Here, when the user says: I want to leave a message, Alan AI sequentially activates the getName, getEmail and getMessage contexts to capture the required values and save them to variables. To this, we use the NAME and regEx slots.

Step 4. Write captured data to a Google spreadsheet

We can capture the data we need; next, we need to write it to the spreadsheet.
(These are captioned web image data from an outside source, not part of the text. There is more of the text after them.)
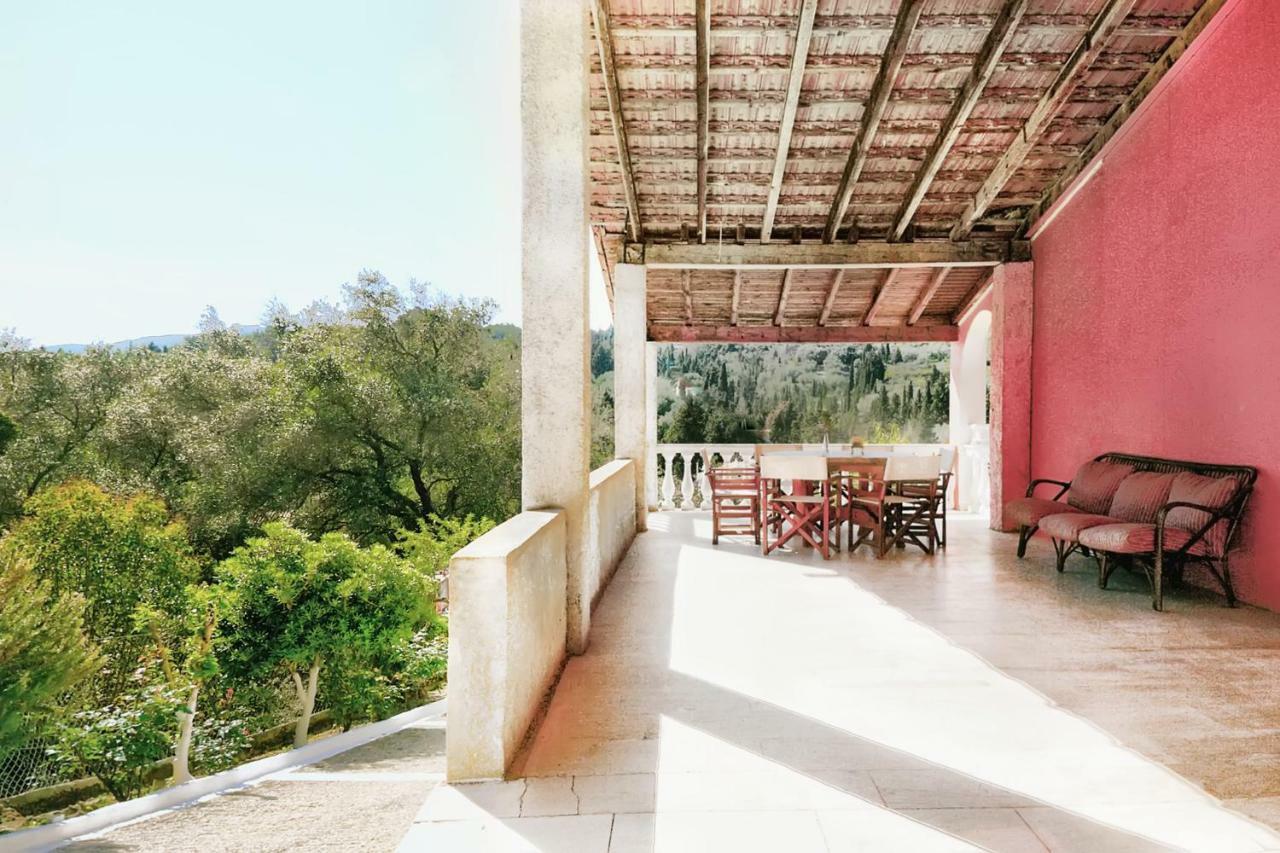 Villa Danai Agios Georgios Pagon Eksteriør billede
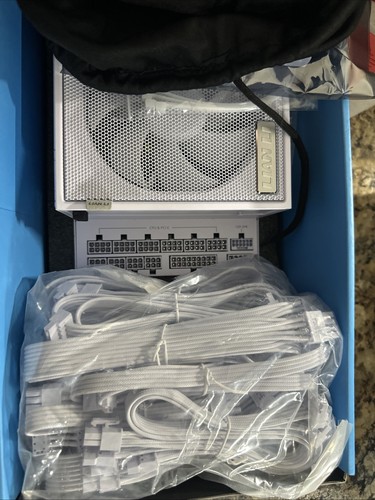 Lian Li EDGE GOLD Series 1200W EG1200G.WH Full Modular Power Supply White - Afbeelding 4 van 4
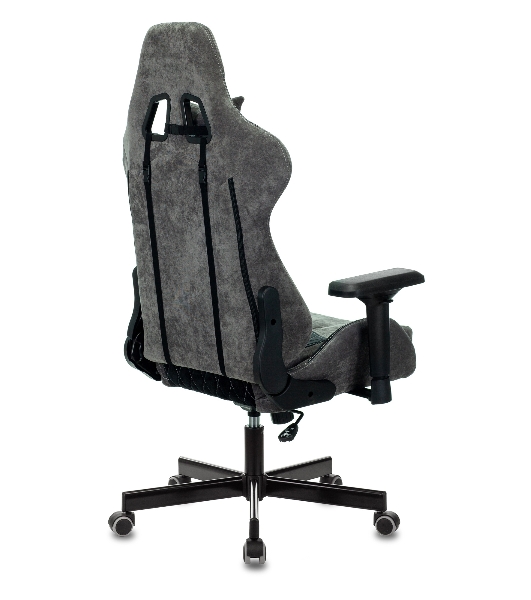 Кресло Бюрократ VIKING 7 KNIGHT B FABRIC черный, ткань, 120 кг, механизм качания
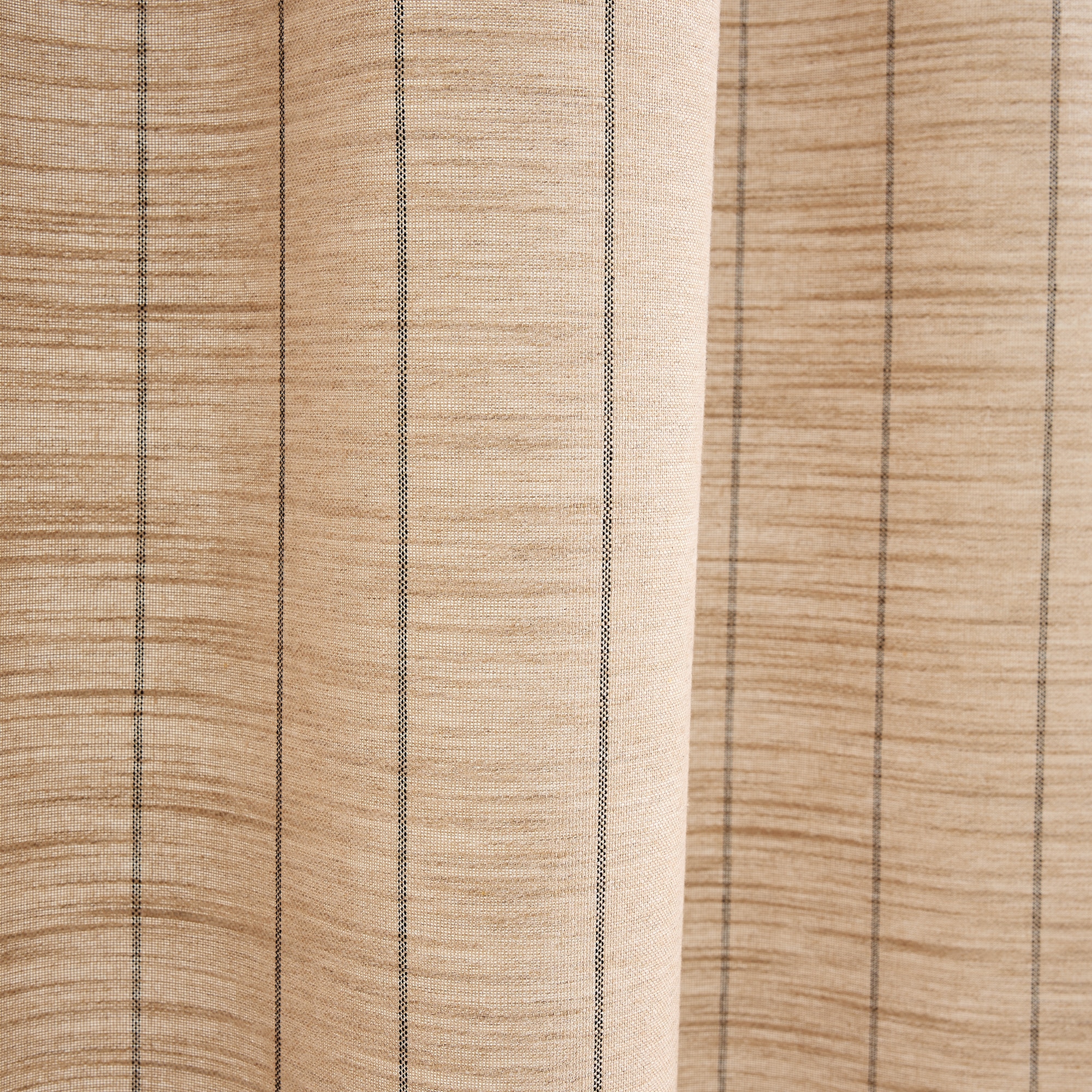 Cortinado Confecionado com Sistema Multiusos Linenia Natural-5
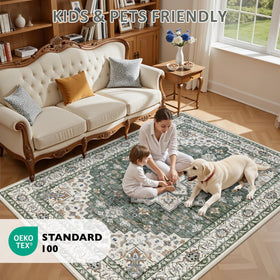 ExpediX rug offers soft, safe play surface for kids and pets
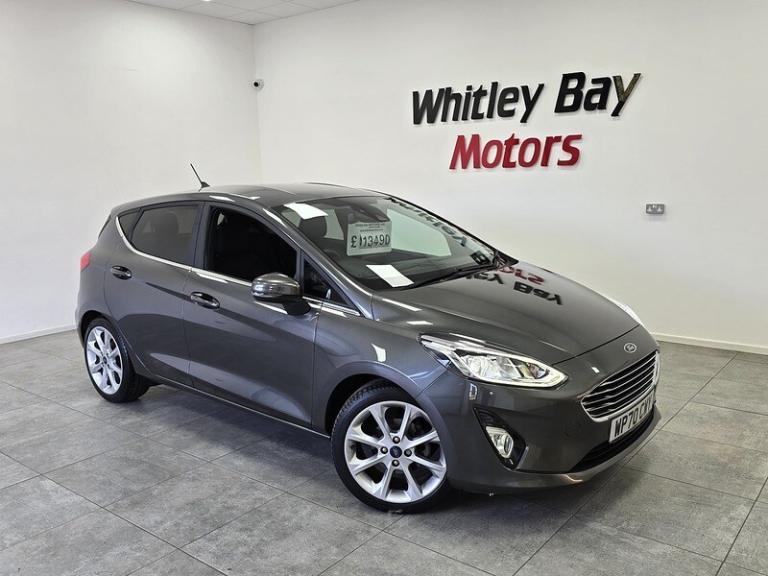 2020 Ford Fiesta T EcoBoost MHEV Titanium X Hatchback Petrol Manual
  1. To the dialog script, add the code to get a token for Google APIs with the client ID, client secret and refresh token we obtained in step 1.

    Dialog script
    // Getting a Google API token
    const getToken = async () => {
        const data = {
            "client_id": "YOUR-CLIENT-ID",
            "client_secret": "YOUR-CLIENT-SECRET",
            "refresh_token": "YOUR-REFRESH-TOKEN",
            "grant_type": "refresh_token"
        }
        try {
            const response = await api.axios({
                url: "https://www.googleapis.com/oauth2/v4/token",
                method: "POST",
                data: data});
            return response.data.access_token;
        } catch(error) {
            console.error(JSON.stringify(error));
        }
    }
    
  2. Next, we need to write data to the spreadsheet. For this, we will add the updateSheetValues() function that uses the append method of the Google Sheets API. To send a POST request, we will use the built-in axios library.

    Dialog script
    // Writing data to a spreadsheet
    const SHEET_ID = 'YOUR-SPREADSHEET-ID';
    
    const updateSheetValues = async (name, email, comment) => {
        const token = await getToken();
        const data = {
            majorDimension: "ROWS",
            range: "YOUR-SHEET-NAME!A1:A3",
            values: [
                [name, email, comment]
            ]
        }
        try {
            const response = await api.axios({
            url: `https://sheets.googleapis.com/v4/spreadsheets/${SHEET_ID}/values/YOUR-SHEET-NAME!A1:A3:append`,
            method: "POST",
            headers: {
                "Content-Type": "application/json",
                 Authorization: `Bearer ${token}`,
            },
            params: {
                valueInputOption: "USER_ENTERED"
            },
            data: data});
            console.log(response.data);
        } catch(error) {
            console.error(JSON.stringify(error));
        }
    }
    

    Here, we first call the getToken() function to generate a new token using the refresh token we have. After that, we use the append method to write data passed to the function to the spreadsheet.

  3. Finally, we will update the I want to leave a message intent to call the updateSheetValues() function after all the required data is collected:

    Dialog script
    intent('I want to leave a message', async p => {
        p.play('Please type in your name');
        let userName = await p.then(getName);
        p.play('Please type in your email address');
        let userEmail = await p.then(getEmail);
        p.play('Please type your message');
        let userMessage = await p.then(getMessage);
    
        // Calling updateSheetValues() to write data to the spreadsheet
        updateSheetValues(userName, userEmail, userMessage);
    
        p.play(`Thanks, ${userName}! I got your message and will get back to you at ${userEmail} as soon as I can`);
     });
    

You can test how it works: in the Alan AI Web Chat type: I want to leave a message, then provide a name, email address and message. Open the spreadsheet and make sure your data is saved to it.